[Assigned task] Only the lines from the one that contains "9128 W Kimberly" to the last line below, both included, should be transcribed. Pictures stay out of the copy.

[Exercise data]
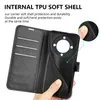 A hand holding an open black flip phone case, revealing the interior card slots and the phone holder section with a circular camera cutout. Produktbild-Vorschau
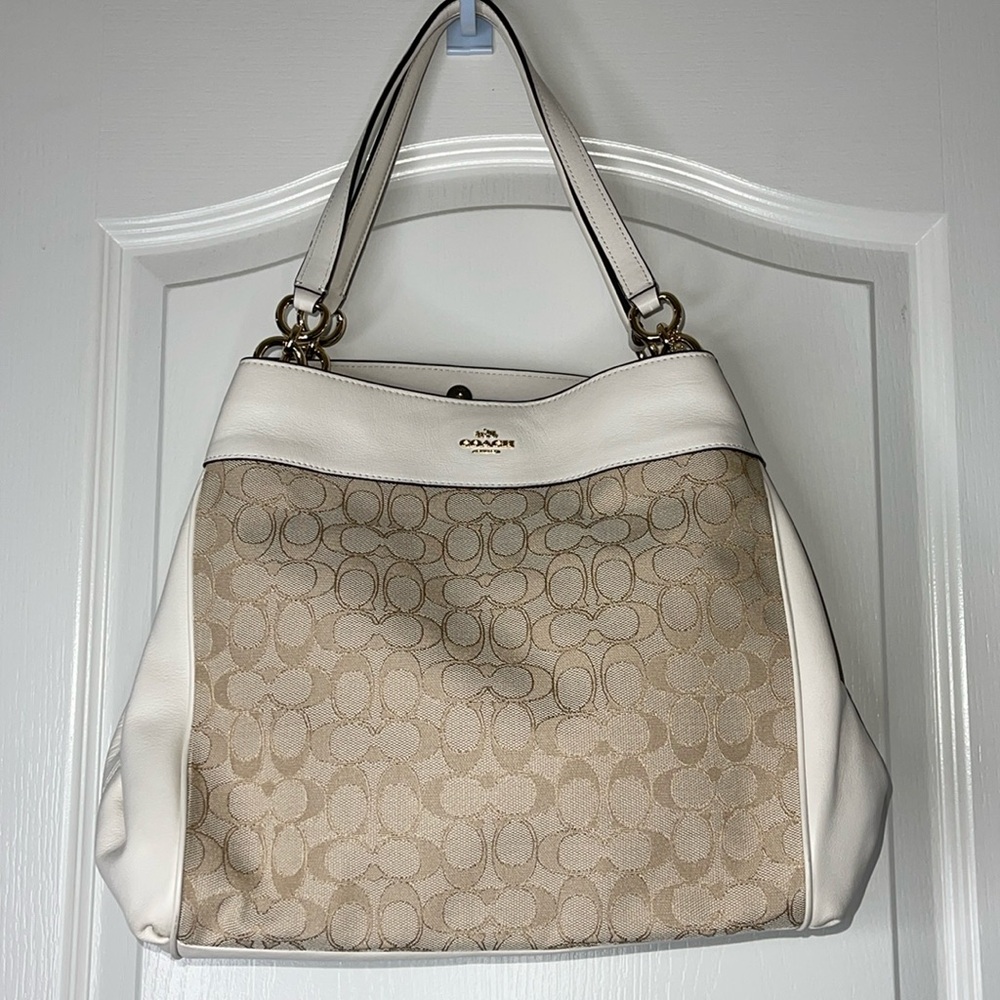 Coach leather and traditional C print cloth bag in new without tags condition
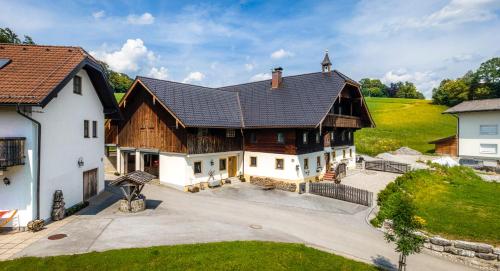 an aerial view of a large wooden house at Stadtbauernhof Salzburg - Ferienwohnung - Gut Unterleithen - farm & the city in Salzburg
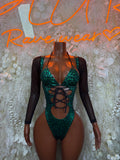 Green cheetah bodysuit with black mesh sleeves and lace-up front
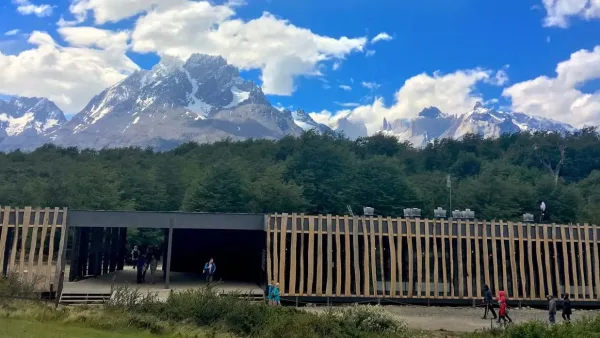 A área de jantar do Restaurante Rio Pingo apresenta grandes janelas e mobiliário rústico.
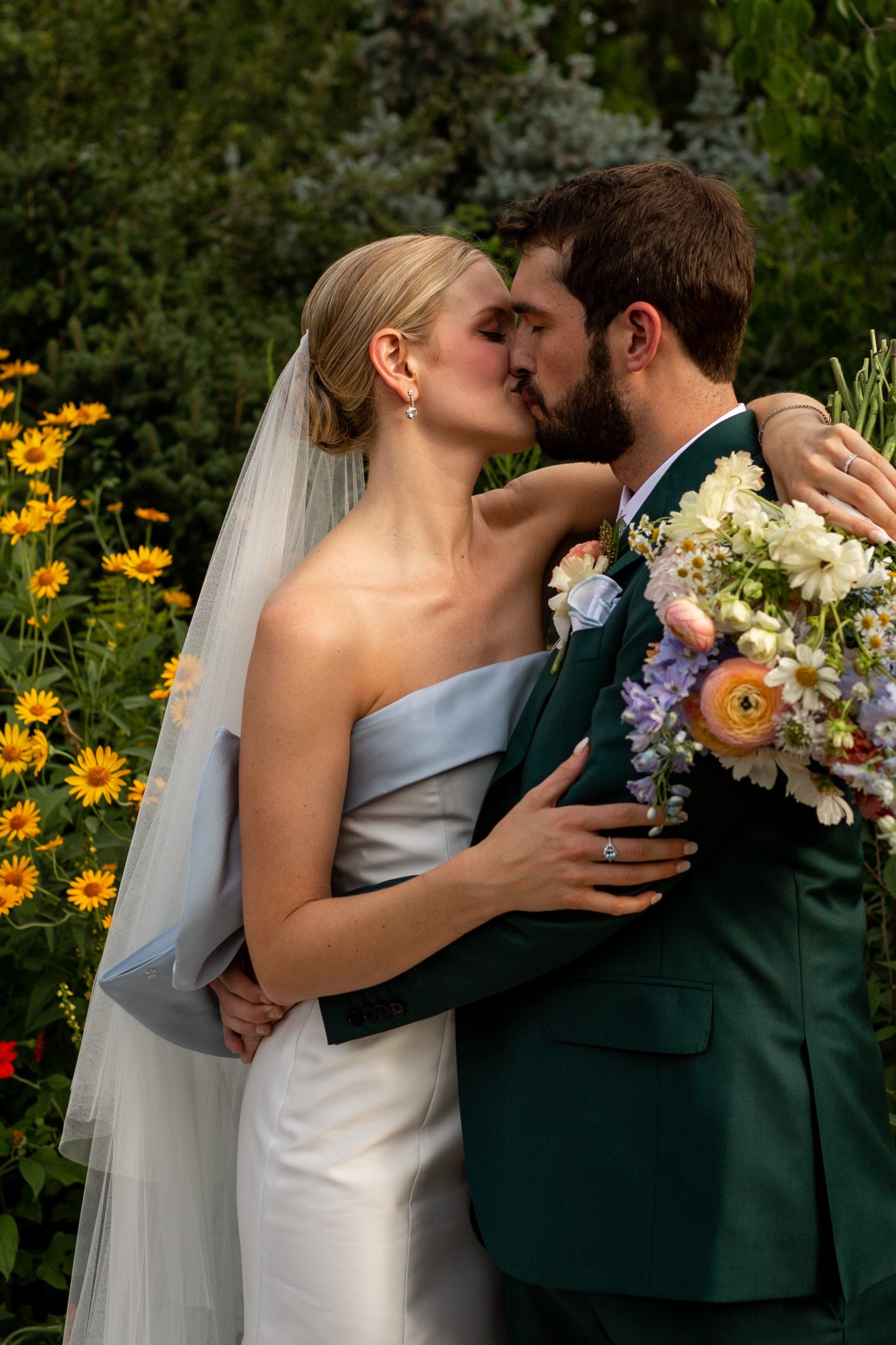 Denver Botanic Gardens Colorado Wedding bride and groom kissing in the gardens as the bride wraps her arm around the groom's back while holding her colorful bouquet
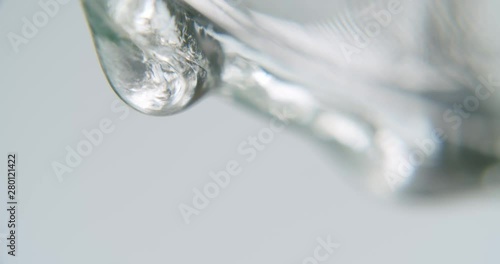 White transparent fluid forming slowly a drop. Fluids drips out of frame. Static macro shot. photo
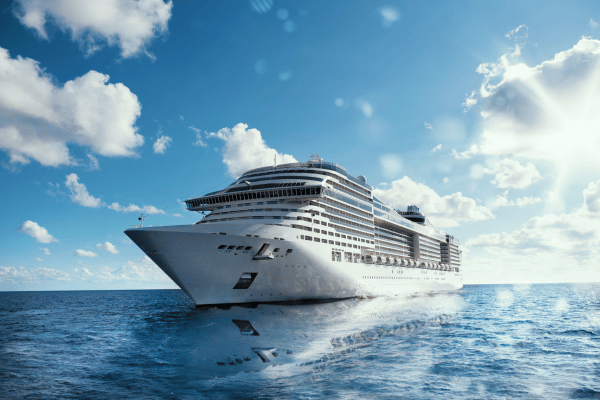 A large cruise ship sailing on the open sea under a bright, sunny sky.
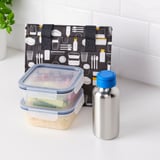 Black lunch bag with icons and food containers next to insulated water bottle on counter.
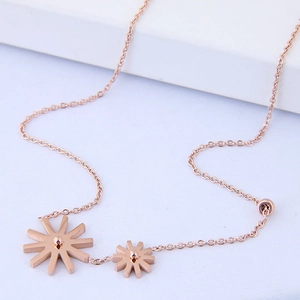 Rose gold stainless steel double daisy pendant necklace on minimalist white platform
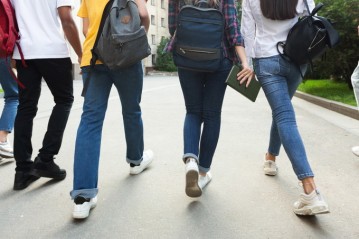 Unrecognizable teenage students in high school campus Unrecognizable teenage students in high school campus walking at break, crop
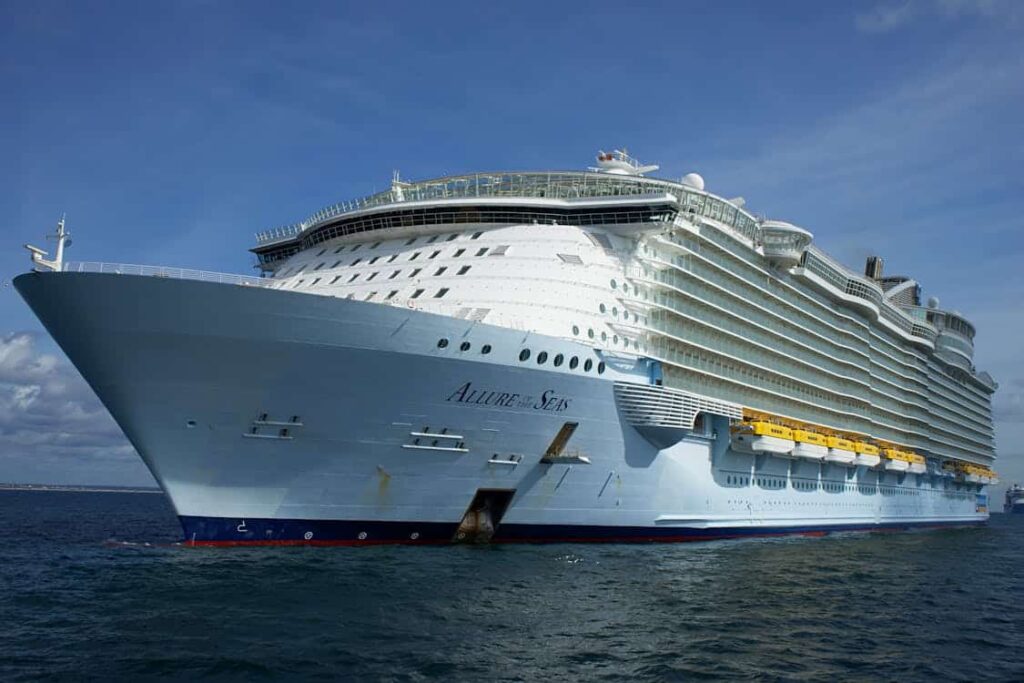 Large cruise ship in calm waters under a blue sky.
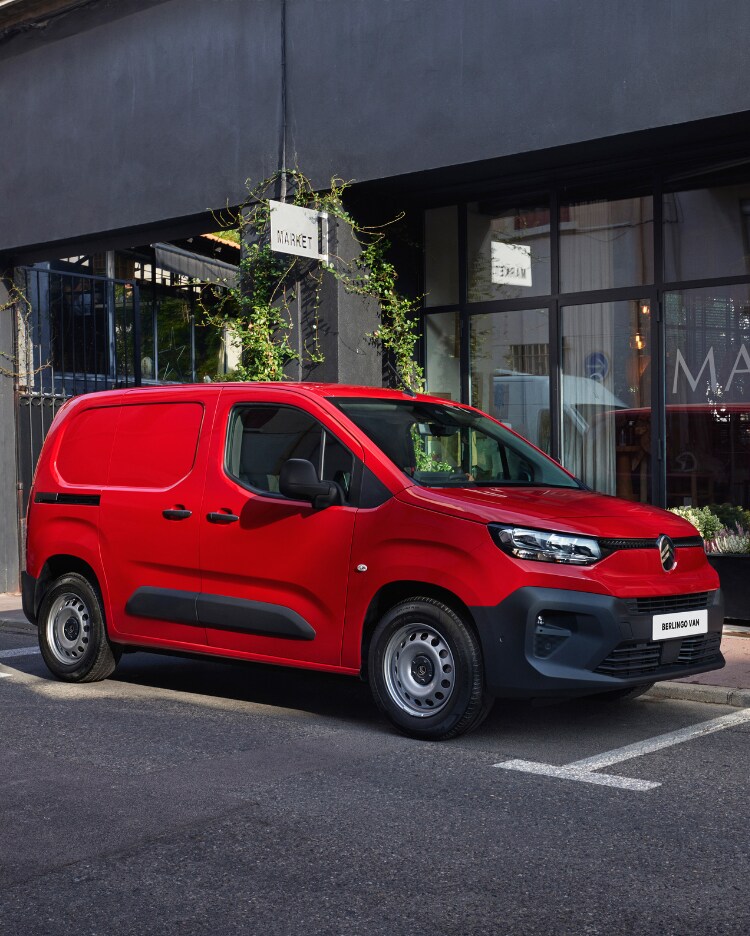 Man charging his red new Berlingo Van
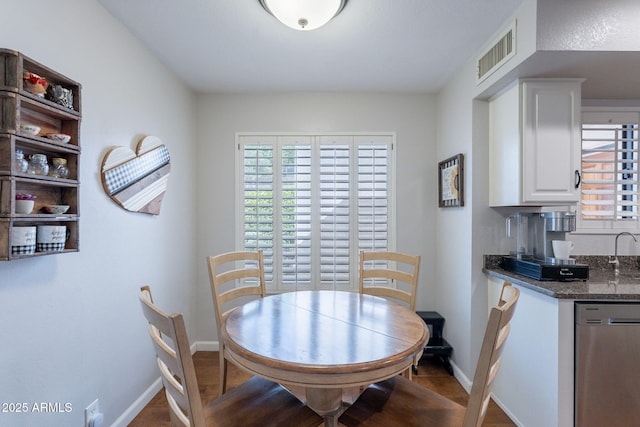 9128 W Kimberly Way, Peoria, AZ 85382 - dining area featuring baseboards, wood finished floors, and bar with sink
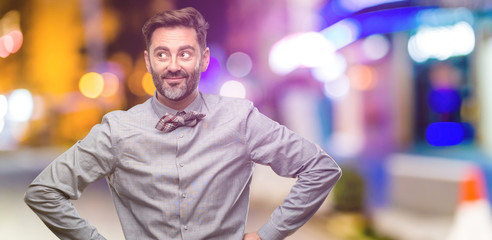 Canvas Print - Middle age man, with beard and bow tie confident and happy with a big natural smile laughing at night club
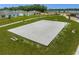 Aerial view of a community sand volleyball court surrounded by green grass at 1412 Brentwood Dr, Kissimmee, FL 34746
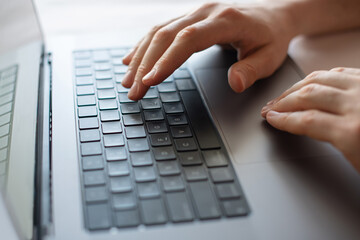 hands on laptop keyboard and phone in hand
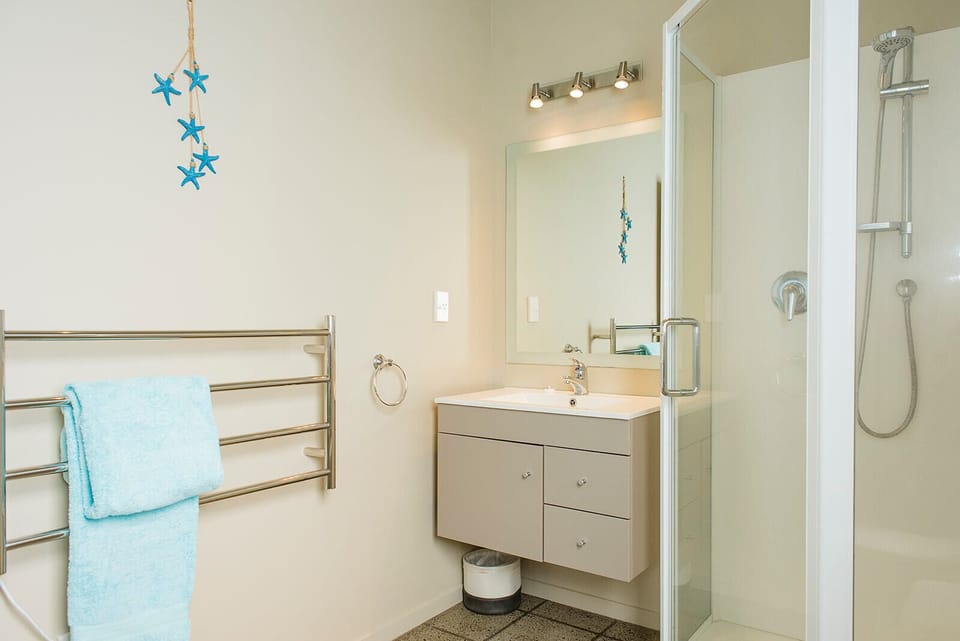 Master bedroom ensuite with vanity, heated towel rails, large shower & toilet. 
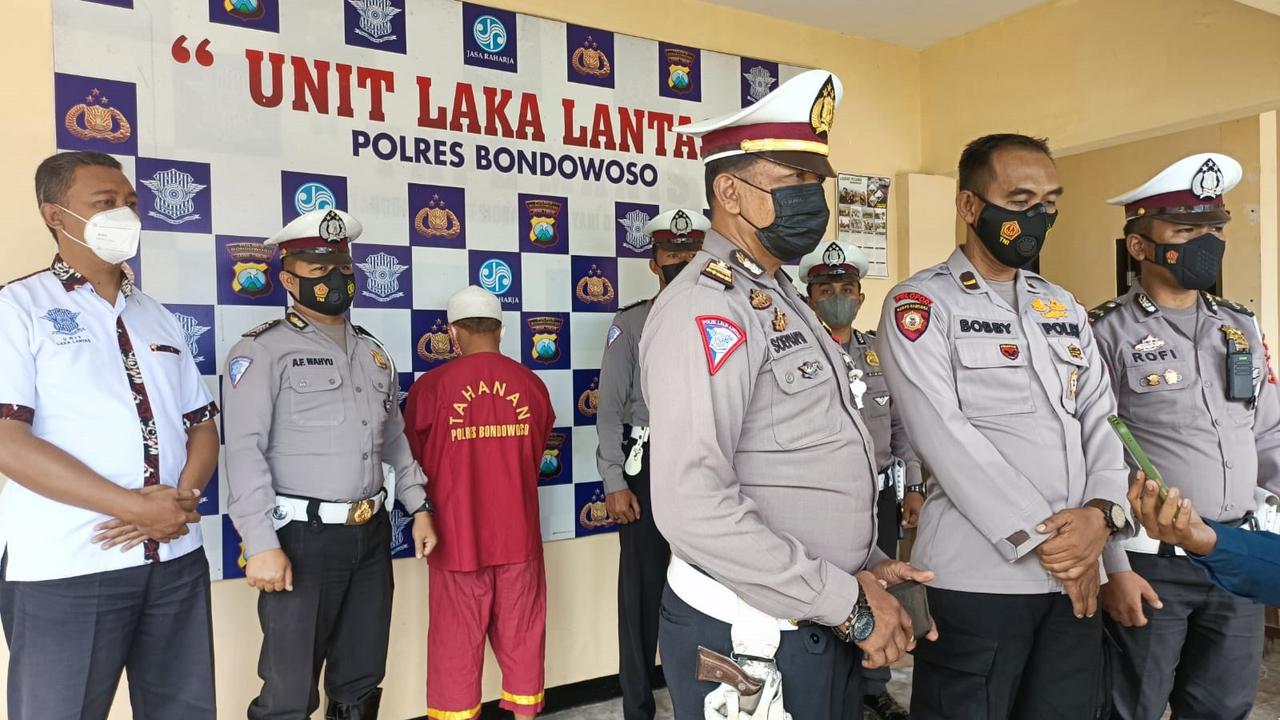 Surahman memakai baju tahan sopir insiden kecelakaan di jalan raya ijen Bondowoso ditetapkan jadi tersangka. (Istimewa)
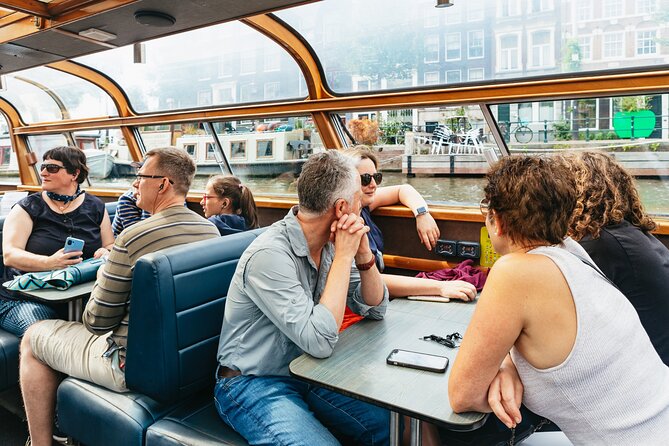Amsterdam City Centre Cruise on heated boat with Audioguide - The One-Hour Route: From Centraal Station to the Skinny Bridge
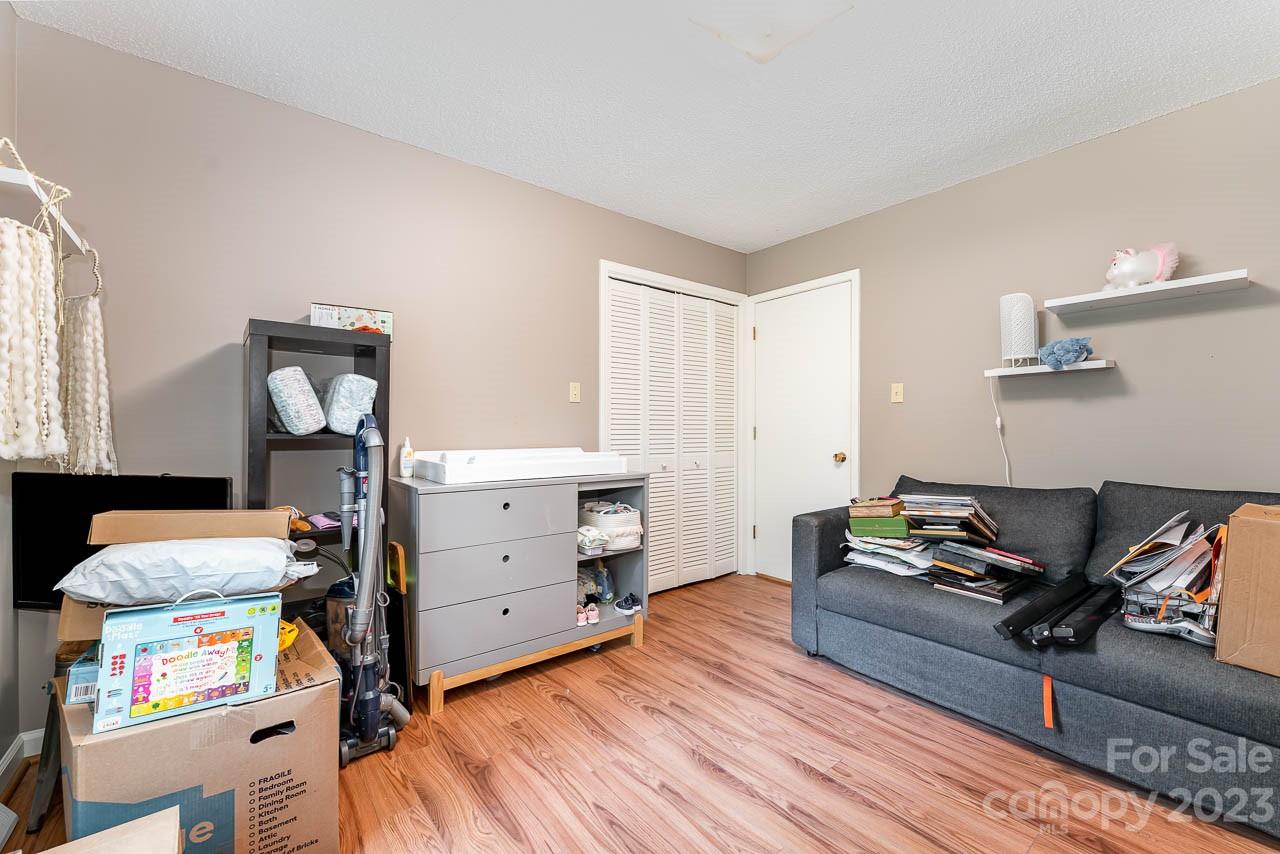 240 Hidden Hut Road Salisbury, NC 28147 - Photo 24 of 32 a bedroom with furniture and a wooden floor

[Written reply]
 9128 W Kimberly Way, Peoria, AZ 85382 - dining area featuring baseboards, wood finished floors, and bar with sink
 Canvas Print - Middle age man, with beard and bow tie confident and happy with a big natural smile laughing at night club
 Aerial view of a community sand volleyball court surrounded by green grass at 1412 Brentwood Dr, Kissimmee, FL 34746
 hands on laptop keyboard and phone in hand
 Master bedroom ensuite with vanity, heated towel rails, large shower & toilet. 
 Surahman memakai baju tahan sopir insiden kecelakaan di jalan raya ijen Bondowoso ditetapkan jadi tersangka. (Istimewa)
Amsterdam City Centre Cruise on heated boat with Audioguide - The One-Hour Route: From Centraal Station to the Skinny Bridge
 240 Hidden Hut Road Salisbury, NC 28147 - Photo 24 of 32 a bedroom with furniture and a wooden floor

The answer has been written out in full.